I’m generally a pretty happy, positive, glass-is-all-the-way-full kind of person. In my younger days, I was a cheerleader. I own that proudly because I’m still a cheerleader today. I love little more than cheering on those around me. I think my positive outlook also contributes to my generally grateful nature. I know just how lucky I am to be surrounded by wonderful family, friends and co-workers. (And yes, that last one does belong in the group.)
I’ve always thought my attitude of gratitude and generally happy outlook made my life better – and now I have proof. PsyBlog recently published the results of a Northeastern University study on gratitude and patience. From PsyBlog:
[Participants] were told they could have $54 right now or $80 in 30 days.

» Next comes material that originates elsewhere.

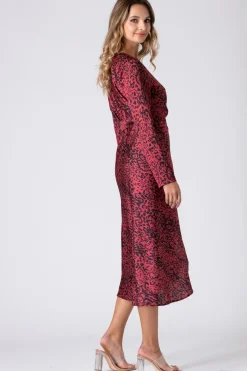 Leopard Print Wrap Dress With Long Sleeve by Urban Touch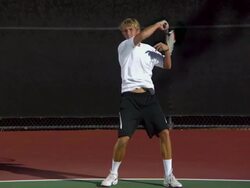 WS, Young man playing tennis, Santa Barbara, California, USA Stock Footage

Before they made their decision, though, they were put into one of three emotional states:
The results demonstrated that people who were either happy or neutral showed a strong preference for having less money but getting it now. This is the usual situation: most people don’t want to wait.
The people in the gratitude condition, though, showed much more restraint and were willing to wait for a larger gain. And, the more gratitude they felt, the greater their patience for the larger reward.
So, yes, being grateful can increase financial rewards, but that’s not all. Take a few minutes to watch this video of a Boston College student’s master’s thesis.
As explained in the video, the goal was to see if the expression of gratitude could decrease stress, boost self-love, and increase happiness. Boston College students were first asked to help with a graduate student thesis, but they didn’t know the real purpose. They were first asked to take a survey that measured their levels of stress, self-love and happiness. Then they were asked to write an essay about a person in their life they were grateful for. At the end of the essay writing, they were prompted to call the person they wrote about and read the essay aloud.
In the end, the expression of gratitude had indeed decreased stress, increased self-love and increased happiness. But I think I was most struck by the people who seem reluctant to make the call, and see the reaction when they do. The impact of their words on themselves – as the giver of recognition – is all we can really see, and it is powerful.
And that’s why the most successful social recognition programs are those that empower every employee at every level to recognize their colleagues. Because the act of giving recognition to others has as much (if not more) positive impact than even receiving it.
Are you naturally a grateful person? If you had been asked to participate in the Boston College survey, who would you have written an essay of gratitude about?